Exercise directions: Skip the pictures, please, and write out exactly the lines from the opening of the data through the line containing "Now looking at".

Exercise data:
-------------------------

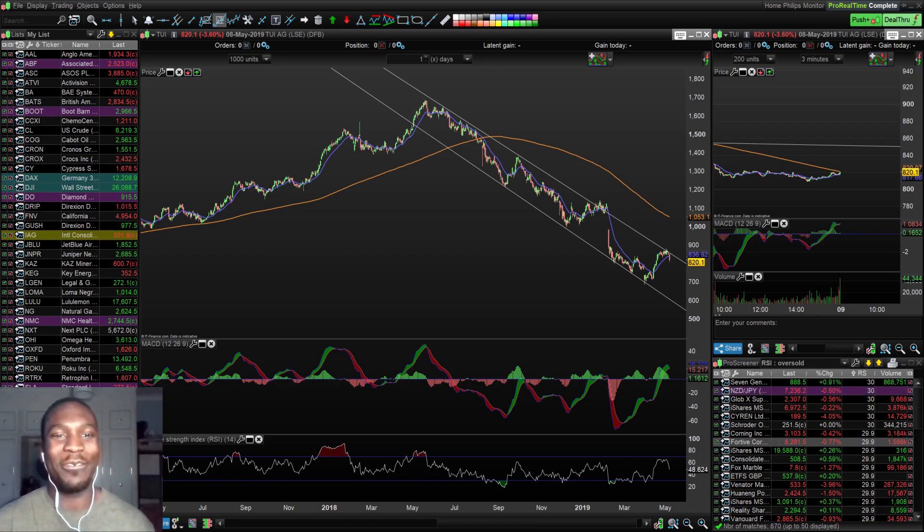Hi guys, it's Eni, aka The Knock Trader, your friendly neighborhood swing trader, back again with another video. Today is Wednesday the 8th of May 2019. I'm going to go through some UK and US stocks on my watch list and give a technical analysis breakdown. Let's get straight into the video.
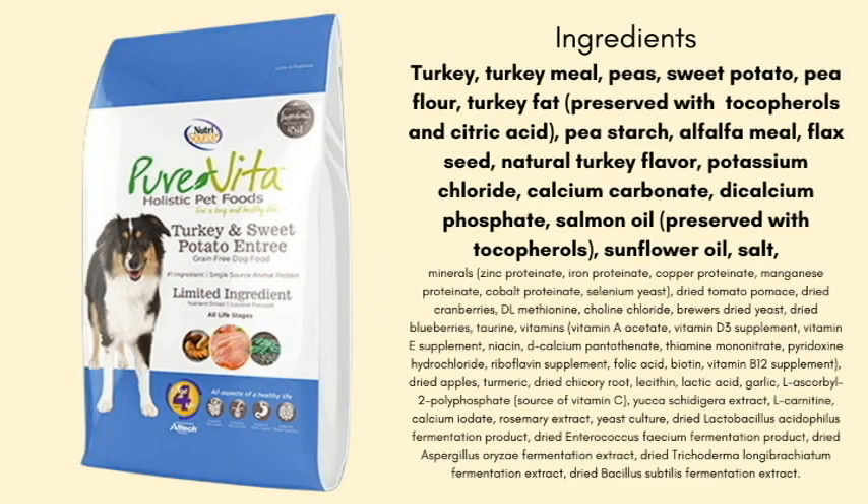Now looking at the Pure Vita turkey and sweet potato, which is in my experience the most popular Pure Vita flavor. This one is grain-free — I wanted to make sure we looked at both a grain-inclusive and grain-free formula. The first two ingredients are turkey and turkey meal, which I'm totally happy about. We have peas — if you want me to do a whole video on the DCM and peas thing, it's on my list, and you can bump it up by leaving it in the comments. We've got sweet potato, which is a good potato. I caution against white potato because it's really high in sugars, but sweet potato is not necessarily that way — lots of nutrients and it doesn't exacerbate yeast. I'm a big fan of sweet potato.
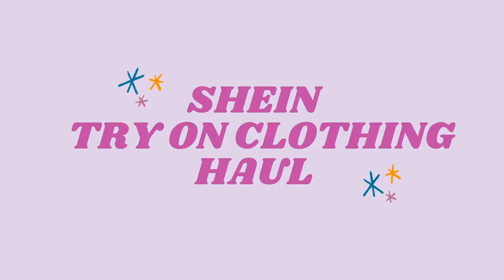Hi everyone and welcome back to my channel, or welcome if you're new here. I say that as if I'm like an actual YouTuber, but I only have two videos so I don't know if that counts. But here we are. As you can probably tell by the title, I'm doing a Shein haul today — I think that's how you say it, I'm really bad at pronunciation.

-------------------------

Solution for this task:
Hi guys, it's Eni, aka The Knock Trader, your friendly neighborhood swing trader, back again with another video. Today is Wednesday the 8th of May 2019. I'm going to go through some UK and US stocks on my watch list and give a technical analysis breakdown. Let's get straight into the video.
Now looking at the Pure Vita turkey and sweet potato, which is in my experience the most popular Pure Vita flavor. This one is grain-free — I wanted to make sure we looked at both a grain-inclusive and grain-free formula. The first two ingredients are turkey and turkey meal, which I'm totally happy about. We have peas — if you want me to do a whole video on the DCM and peas thing, it's on my list, and you can bump it up by leaving it in the comments. We've got sweet potato, which is a good potato. I caution against white potato because it's really high in sugars, but sweet potato is not necessarily that way — lots of nutrients and it doesn't exacerbate yeast. I'm a big fan of sweet potato.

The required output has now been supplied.